Karl Herrligkoffer, along with eight of his summiteers (of a total of sixteen), tell the story of the 1978 post-monsoon French-German Everest expedition in Everest Ohne Sauerstoff. The book is a short work in German geared towards fellow climbers and fans who know a little of the business of climbing Everest. Herrligkoffer gives a summary of the expedition overall, including its early formation soon after his trouble with the Southwest Face in 1972, and how his climb came to be entangled with Pierre Mazeaud's French expedition, originally slated for post-monsoon 1976. (That slot was gratefully taken over by an American group, see Ridgeway's The Boldest Dream.) He spares the interpersonal details, but he does admit to financial difficulties, including a deficit after the climb, and some expensive improvised logistics involving their oxygen regulators and masks that get this essential gear to them just before their summit climbs begin (reminds me a bit of the Sherpa equipment saga from 1972). Herrligkoffer's expeditions tend to have rather complicated planning and execution, and this climb is no exception, with responsibility sharing with Mazeaud's French group, separate German and French camps (that they later share), and Rutkiewicz and Kimek receiving a last-minute order to scale Everest, rather than Lhotse.
Each of the summiteers, save Allenbach, officially in the German group provide a narrative of his or her climb to the summit. Sepp Mack, Hubert Hillmaier, and Hans Engl are first, with Mack plowing through deep snow in the lead nearly the entire climb from the South Col, Hillmaier abandoning his French cohorts who take to long to get ready, and Engl becoming the third person, after Reinhold Messner and Peter Habeler, to climb to the summit without supplementary oxygen. The next day the French get their chance, with Jaeger and Afanassieff reaching the summit, followed by Mazeaud and Kurt Diemberger (his fourth 8000er). The following day, Sigi Hupfauer, Robert Allenbach, Wanda Rutkiewicz (the first European woman and the first Pole), Willi Klimek, Ang Kami, Ang Dorje, and Mingma made the top (Ang Doje and Mingma, Messner's two biggest disbelievers regarding his ascent, making it without supplemental oxygen). Another pair, Bernd Kullman and Georg Ritter, make the summit in the beginnings of a storm, and return for a safe descent. Each of the narratives is fairly vanilla, though Hupfauer gets a dig at Rutkiewicz into his, and Rutkiewicz complains of the unreasonable men on her summit climb (with a note underneath by the author saying that she had nothing to complain about, and she didn't do a good job filming, anyway).

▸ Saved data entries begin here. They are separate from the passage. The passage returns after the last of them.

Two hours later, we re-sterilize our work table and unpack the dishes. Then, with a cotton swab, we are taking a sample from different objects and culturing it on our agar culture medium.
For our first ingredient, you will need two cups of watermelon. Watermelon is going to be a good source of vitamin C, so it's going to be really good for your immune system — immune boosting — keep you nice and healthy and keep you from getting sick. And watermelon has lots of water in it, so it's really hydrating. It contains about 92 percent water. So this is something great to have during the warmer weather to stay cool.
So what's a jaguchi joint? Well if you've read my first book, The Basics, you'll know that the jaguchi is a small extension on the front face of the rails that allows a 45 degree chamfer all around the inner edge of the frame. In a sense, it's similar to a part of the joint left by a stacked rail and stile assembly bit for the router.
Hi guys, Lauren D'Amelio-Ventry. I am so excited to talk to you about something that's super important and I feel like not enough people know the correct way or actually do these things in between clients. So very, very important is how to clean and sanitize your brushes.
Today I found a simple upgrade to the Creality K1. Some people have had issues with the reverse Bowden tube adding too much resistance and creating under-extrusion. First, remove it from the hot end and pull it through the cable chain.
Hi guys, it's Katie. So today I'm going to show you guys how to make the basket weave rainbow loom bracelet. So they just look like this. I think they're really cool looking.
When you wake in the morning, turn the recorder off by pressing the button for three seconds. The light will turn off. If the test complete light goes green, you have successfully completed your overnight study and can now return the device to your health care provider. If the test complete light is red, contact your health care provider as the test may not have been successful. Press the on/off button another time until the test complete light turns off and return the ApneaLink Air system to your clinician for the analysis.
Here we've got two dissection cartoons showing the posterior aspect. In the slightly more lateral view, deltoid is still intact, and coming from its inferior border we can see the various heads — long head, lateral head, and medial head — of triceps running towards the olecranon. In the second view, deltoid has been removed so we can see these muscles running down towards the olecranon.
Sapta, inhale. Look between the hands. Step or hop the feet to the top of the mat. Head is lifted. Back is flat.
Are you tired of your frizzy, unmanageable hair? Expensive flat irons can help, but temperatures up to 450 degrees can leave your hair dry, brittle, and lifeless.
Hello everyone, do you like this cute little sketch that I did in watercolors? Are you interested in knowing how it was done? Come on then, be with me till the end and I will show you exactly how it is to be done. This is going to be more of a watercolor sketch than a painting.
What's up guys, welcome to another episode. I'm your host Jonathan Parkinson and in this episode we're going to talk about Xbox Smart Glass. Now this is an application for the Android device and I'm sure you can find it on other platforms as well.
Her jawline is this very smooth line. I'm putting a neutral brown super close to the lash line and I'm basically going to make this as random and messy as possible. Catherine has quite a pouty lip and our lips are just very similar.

This book doesn't do a great job explaining the dynamic between the two expeditions while on the mountain. I imagine there was quite a bit of friction, as it seemed a bit of a haphazard arrangement, but it's largely left unstated here. I'm curious if the French book on the climb, Claude Deck and Pierre Mazeaud's Le Route de l'Everest avec l'expedition francaise, is any more explicit, or if they largely ignore the Germans in their narrative as well. My French is rather poor, and I didn't have much success hammering my way through a couple other French Everest books. Have you read it? Tell me about it!